**Requirement:** I'd like the entire listing output verbatim, apart from the pictures.

**Dataset excerpt:**
*-*-*

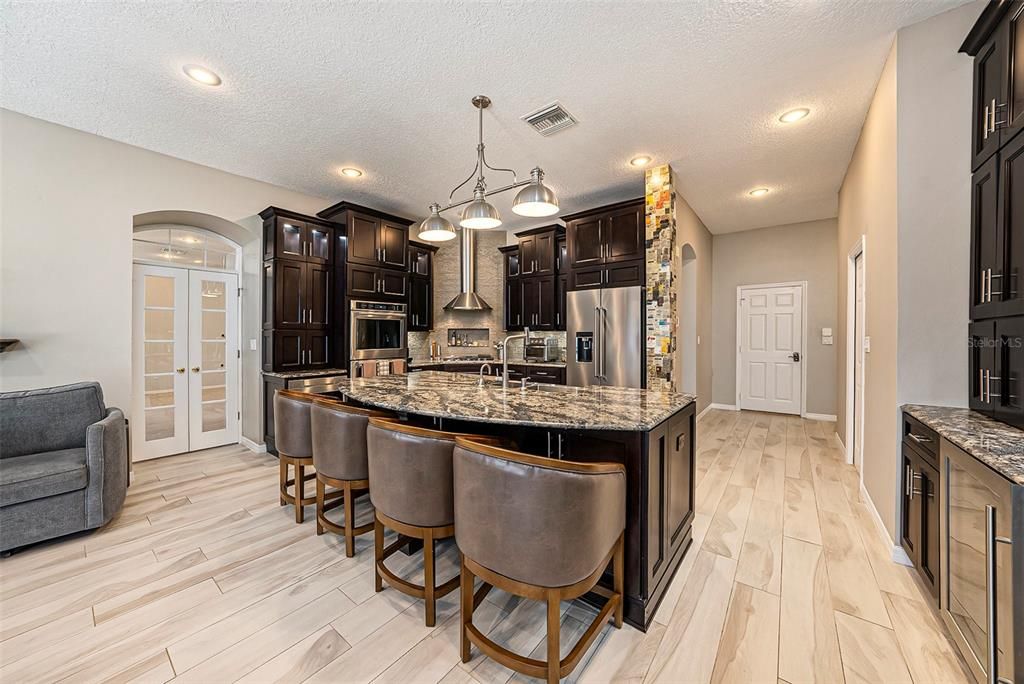 For Sale: $910,000 (4 beds, 3 baths, 3392 Square Feet)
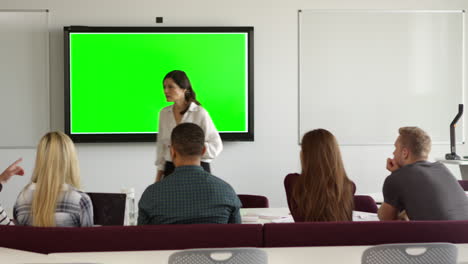 Estudiantes-Universitarios-Que-Asisten-A-La-Conferencia-Del-Campus-En-R3d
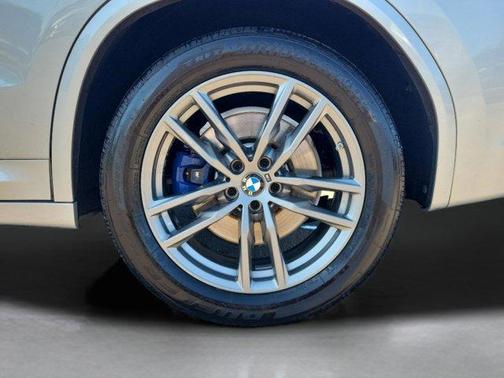 2019 BMW X3 M40i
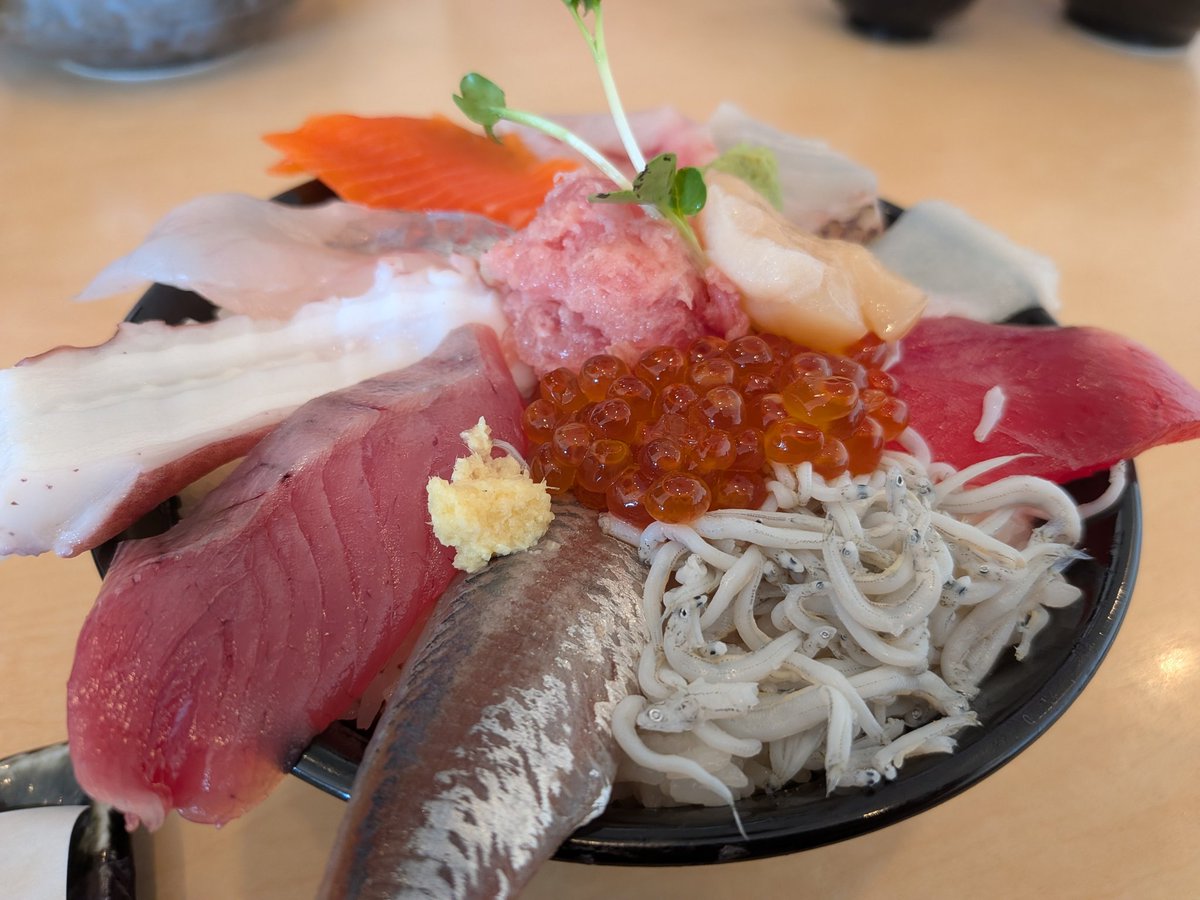 shiburinnzombie's tweet photo. 2週連続海鮮漢 https://t.co/0AGIbhHnJn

*-*-*

**The answer:**
 For Sale: $910,000 (4 beds, 3 baths, 3392 Square Feet)
 Estudiantes-Universitarios-Que-Asisten-A-La-Conferencia-Del-Campus-En-R3d
 2019 BMW X3 M40i
 shiburinnzombie's tweet photo. 2週連続海鮮漢 https://t.co/0AGIbhHnJn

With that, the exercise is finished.